The bus rolled on. Loch Ness was approaching. With the light beginning to dwindle and shadows expanding, it now being around 1:30pm, we arrived in town. I rushed over to the ferry, got a seat in the frosty air and excitedly prepared to set off.
There’s no spoiler alert. I didn’t see a monster. But perhaps I was in the right frame of mind. I felt like I had drifted into a mythical land where every manner of superstition was possible. A kelpie might rise out of the water and pull me into its cold depths. Patches of fog and mist leapt across the face of the loch, darting underneath the sun. Fog crept along the barren trees along the bank from which eagles emerged and circled overhead. The air was crisp and cold.
If I ever I expected to see an ancient sauropod emerge from the deep, it was on this day. That I didn’t wasn’t a concern. Everything felt right. Everything felt like it had a mythological edge. For those familiar with the concept of the “sacred and the profane” – where the “profane” is every day life and the “sacred” is something more, you know that it’s believed we can integrate the sacred into our normal lives and remove ourselves from the grind, the battles, the hardships and small victories of every day life. The concept of the sacred need not even be religious in nature. It’s about taking a step back and being cognizant of the unknown. On the surface of Loch Ness, I felt that I’d fallen into the sacred. It was rejuvenating.
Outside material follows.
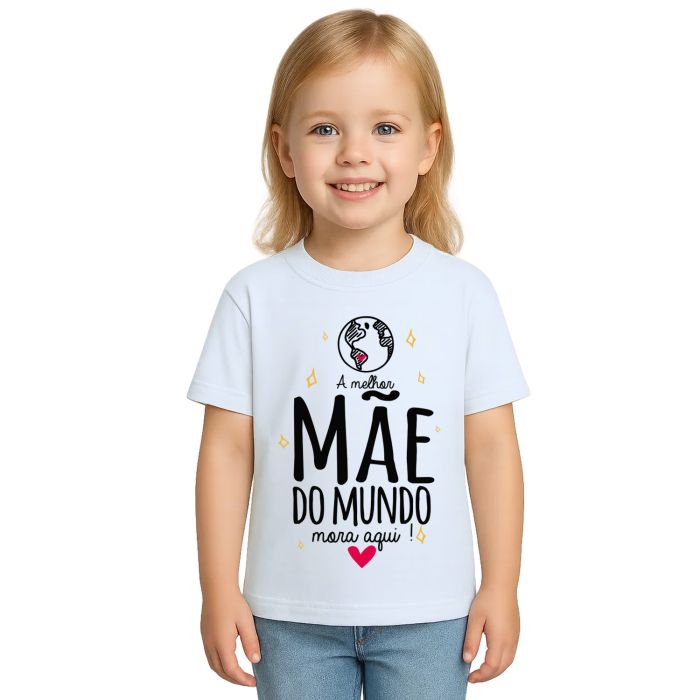 Camiseta Melhor Mãe Do Mundo Mora Aqui Personalizada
By the time we left, darkness was falling. Soon we were in complete darkness. The guide said: “I won’t talk to you for a bit since I need to concentrate on these dark roads to ensure we don’t drive into a ditch. But in the meantime, I’ll spin my wheels of steel for you.” For the next hour, with overhead Christmas lights blinking like disco club lights, we heard every manner of Scottish music and sometimes non-Scottish. Mariah Carey Christmas songs periodically raised their ugly heads.
As we left the Highlands and emerged onto a highway, he spoke up again. “Here’s what I want you to do. When I say (this), I want you to all sing ‘da da da (da da da)’. And if you don’t sing along, I’ll stop this bus right now! I’m not lying!” We sang along. Actually must of us hummed wordlessly. I didn’t where it was going. “Louder!” he yelled. “I am not kidding! Just ask my kids. I will stop the bus right here.” Suddenly a song played from the speakers. It was the Proclaimers’ “I’m Gonna Be (500 Miles)”. We sang happily along.
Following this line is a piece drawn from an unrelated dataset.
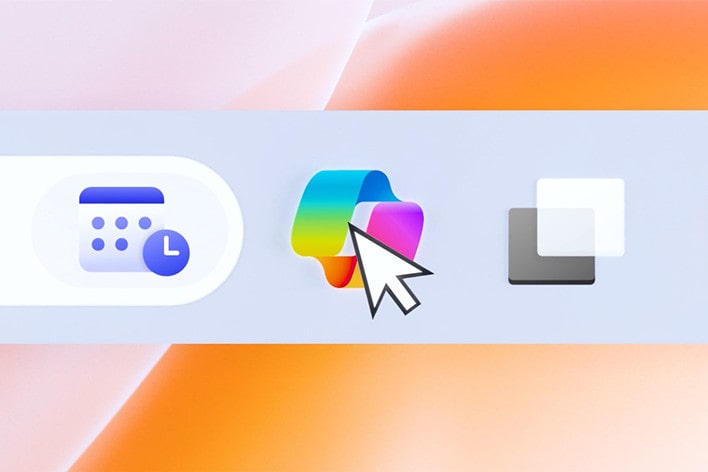 L’image présente une portion de l’interface utilisateur avec des ic?nes dans une barre des taches ou un lanceur d’applications. L’ic?ne centrale, survolée par un curseur, représente Windows Copilot — un symbole coloré indiquant une assistance alimentée par l’IA.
Afterwards, he asked if we knew the movie Braveheart. Of course most of us did. “It’s not necessarily accurate, but we Scottish watch it every year. In spite of Mel Gibson. Usually I’ll have a dram or two of whisky while watching it and will become so emotional I’ll yell to my wife: ‘This is it, woman! Get me my broom! I’m invading England!’”
“But alas we can only legally kick the snot out of the English during the eight hours of rugby matches a year.” And so we returned to Edinburgh.
We’ve conversed a great deal so far, but have not gotten to Ireland yet. Let’s move along and proceed to Dublin. I had two days there and my primary tourist activity revolved around going to the Guinness Storehouse.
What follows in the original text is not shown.